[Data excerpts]
************

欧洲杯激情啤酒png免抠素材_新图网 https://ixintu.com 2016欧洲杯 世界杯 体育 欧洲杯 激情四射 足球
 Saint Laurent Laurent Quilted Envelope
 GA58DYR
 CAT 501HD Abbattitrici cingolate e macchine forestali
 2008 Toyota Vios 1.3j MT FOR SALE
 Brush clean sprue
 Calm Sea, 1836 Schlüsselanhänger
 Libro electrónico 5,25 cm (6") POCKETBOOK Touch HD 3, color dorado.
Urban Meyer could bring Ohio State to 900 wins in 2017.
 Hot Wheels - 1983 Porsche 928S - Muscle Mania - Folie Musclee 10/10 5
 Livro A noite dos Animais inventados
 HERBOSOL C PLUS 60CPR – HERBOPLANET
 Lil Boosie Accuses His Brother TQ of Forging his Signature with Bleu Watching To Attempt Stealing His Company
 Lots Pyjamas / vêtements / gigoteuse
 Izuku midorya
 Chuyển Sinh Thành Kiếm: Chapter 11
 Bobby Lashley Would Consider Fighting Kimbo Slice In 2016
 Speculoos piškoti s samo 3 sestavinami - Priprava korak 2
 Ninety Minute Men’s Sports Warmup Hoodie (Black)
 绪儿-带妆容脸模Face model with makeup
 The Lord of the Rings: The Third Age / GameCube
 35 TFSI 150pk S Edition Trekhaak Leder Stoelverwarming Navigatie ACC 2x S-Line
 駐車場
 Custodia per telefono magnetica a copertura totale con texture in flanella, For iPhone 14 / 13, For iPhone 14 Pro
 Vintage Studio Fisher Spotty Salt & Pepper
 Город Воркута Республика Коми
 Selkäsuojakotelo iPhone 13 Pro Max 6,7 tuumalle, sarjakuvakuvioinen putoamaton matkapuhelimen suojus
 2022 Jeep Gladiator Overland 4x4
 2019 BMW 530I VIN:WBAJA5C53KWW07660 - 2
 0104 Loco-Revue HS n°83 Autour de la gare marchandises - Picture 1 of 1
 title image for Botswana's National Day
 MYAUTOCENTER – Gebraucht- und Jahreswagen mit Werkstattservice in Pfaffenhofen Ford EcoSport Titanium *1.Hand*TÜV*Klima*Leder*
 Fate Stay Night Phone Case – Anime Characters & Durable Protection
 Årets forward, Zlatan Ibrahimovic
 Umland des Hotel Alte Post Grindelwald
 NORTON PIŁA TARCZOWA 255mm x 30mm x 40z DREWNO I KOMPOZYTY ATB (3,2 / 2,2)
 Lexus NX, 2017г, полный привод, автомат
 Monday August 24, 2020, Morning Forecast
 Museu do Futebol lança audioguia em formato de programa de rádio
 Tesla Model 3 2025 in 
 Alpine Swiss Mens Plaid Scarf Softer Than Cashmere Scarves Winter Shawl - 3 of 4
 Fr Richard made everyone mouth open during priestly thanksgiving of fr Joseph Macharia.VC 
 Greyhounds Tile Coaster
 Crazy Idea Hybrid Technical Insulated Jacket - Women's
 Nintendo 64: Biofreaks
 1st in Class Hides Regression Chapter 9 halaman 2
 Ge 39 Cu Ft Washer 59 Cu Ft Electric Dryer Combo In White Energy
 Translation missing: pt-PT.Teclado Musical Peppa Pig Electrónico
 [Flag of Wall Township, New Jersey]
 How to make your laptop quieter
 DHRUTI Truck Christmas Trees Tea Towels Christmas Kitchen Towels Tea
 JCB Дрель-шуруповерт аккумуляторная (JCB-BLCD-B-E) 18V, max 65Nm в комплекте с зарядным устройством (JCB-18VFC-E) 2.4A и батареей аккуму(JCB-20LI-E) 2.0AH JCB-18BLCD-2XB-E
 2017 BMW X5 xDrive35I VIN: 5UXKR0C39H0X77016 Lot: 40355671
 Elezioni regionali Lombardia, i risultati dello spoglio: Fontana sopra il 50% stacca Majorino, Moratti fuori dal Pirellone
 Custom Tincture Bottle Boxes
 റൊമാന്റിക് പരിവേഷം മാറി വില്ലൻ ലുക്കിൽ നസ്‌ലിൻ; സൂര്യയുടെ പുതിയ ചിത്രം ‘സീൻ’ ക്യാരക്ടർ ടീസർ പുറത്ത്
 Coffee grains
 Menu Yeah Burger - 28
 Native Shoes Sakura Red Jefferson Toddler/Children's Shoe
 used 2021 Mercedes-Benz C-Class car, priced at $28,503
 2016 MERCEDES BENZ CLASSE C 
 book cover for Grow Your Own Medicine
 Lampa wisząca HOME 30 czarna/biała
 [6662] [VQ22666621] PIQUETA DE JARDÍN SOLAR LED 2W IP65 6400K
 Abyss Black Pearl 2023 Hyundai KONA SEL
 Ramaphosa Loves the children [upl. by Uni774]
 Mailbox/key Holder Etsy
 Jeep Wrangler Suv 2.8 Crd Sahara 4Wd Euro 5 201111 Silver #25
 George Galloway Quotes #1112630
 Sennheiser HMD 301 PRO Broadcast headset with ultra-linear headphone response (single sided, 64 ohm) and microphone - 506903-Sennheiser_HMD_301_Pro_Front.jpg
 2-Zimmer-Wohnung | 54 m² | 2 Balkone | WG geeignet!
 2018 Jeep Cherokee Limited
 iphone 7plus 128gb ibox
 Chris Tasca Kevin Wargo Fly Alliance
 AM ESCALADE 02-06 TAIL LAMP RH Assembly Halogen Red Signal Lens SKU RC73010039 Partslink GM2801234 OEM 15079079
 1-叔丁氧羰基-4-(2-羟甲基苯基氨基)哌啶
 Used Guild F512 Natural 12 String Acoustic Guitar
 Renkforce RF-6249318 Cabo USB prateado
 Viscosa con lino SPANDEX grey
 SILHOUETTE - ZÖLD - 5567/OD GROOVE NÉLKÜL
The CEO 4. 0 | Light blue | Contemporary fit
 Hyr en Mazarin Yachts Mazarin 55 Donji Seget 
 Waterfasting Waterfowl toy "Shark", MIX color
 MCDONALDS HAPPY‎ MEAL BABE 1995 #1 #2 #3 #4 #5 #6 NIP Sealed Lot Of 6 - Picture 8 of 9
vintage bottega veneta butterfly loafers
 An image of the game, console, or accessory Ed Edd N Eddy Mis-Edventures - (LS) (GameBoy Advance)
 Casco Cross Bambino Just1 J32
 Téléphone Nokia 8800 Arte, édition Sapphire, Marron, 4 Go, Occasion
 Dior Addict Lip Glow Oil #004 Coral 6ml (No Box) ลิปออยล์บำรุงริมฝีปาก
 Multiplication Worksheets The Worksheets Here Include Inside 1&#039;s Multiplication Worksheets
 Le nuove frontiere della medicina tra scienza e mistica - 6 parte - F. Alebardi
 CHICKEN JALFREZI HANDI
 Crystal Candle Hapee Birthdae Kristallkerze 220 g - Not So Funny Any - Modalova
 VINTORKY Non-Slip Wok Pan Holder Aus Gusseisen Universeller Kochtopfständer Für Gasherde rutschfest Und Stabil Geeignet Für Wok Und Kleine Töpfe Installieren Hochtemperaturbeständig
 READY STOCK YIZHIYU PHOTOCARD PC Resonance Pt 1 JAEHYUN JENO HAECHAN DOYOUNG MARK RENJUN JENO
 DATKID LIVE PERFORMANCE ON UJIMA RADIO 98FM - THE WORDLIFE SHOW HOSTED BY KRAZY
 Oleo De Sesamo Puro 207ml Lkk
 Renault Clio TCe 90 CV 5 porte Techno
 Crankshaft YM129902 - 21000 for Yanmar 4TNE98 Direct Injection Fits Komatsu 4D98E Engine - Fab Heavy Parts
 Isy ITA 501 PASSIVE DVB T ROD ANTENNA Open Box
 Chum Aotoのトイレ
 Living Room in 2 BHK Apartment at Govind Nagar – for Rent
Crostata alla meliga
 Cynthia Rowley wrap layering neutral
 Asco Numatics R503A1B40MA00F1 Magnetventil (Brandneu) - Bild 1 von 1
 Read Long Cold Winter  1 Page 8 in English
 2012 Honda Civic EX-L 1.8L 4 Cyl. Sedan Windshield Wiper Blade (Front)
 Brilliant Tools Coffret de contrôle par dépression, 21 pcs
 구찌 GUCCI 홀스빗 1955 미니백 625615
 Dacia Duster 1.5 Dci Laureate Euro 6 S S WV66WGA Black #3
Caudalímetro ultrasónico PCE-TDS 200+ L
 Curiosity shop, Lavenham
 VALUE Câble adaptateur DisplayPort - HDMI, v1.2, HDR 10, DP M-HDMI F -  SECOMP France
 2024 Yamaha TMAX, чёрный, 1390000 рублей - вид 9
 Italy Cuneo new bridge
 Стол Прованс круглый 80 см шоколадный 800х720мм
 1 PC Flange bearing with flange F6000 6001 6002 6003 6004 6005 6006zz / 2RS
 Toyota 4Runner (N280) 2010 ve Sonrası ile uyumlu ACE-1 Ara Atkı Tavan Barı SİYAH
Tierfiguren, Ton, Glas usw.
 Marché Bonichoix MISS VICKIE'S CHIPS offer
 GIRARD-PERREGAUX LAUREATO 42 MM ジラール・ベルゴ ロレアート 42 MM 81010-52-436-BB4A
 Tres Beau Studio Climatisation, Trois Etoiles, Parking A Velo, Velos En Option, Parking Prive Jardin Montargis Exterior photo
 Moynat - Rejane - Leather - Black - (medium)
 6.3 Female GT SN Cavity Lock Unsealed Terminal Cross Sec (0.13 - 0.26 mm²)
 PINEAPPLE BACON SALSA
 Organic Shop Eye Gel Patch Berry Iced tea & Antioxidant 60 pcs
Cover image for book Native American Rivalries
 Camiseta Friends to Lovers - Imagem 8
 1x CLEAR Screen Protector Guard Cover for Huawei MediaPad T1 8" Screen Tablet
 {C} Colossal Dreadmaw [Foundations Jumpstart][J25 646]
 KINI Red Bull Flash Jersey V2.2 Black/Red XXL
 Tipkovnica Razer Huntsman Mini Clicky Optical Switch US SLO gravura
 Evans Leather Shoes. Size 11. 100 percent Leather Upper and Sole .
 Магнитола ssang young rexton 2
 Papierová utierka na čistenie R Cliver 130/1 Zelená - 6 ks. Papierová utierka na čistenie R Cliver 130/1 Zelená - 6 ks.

************

Goal of the exercise → In the data above, start at the line that has "Ge 39 Cu Ft", stop after the line that has "DHRUTI Truck Christmas", and print every line in between exactly as it stands.

Written response →
 Ge 39 Cu Ft Washer 59 Cu Ft Electric Dryer Combo In White Energy
 Translation missing: pt-PT.Teclado Musical Peppa Pig Electrónico
 [Flag of Wall Township, New Jersey]
 How to make your laptop quieter
 DHRUTI Truck Christmas Trees Tea Towels Christmas Kitchen Towels Tea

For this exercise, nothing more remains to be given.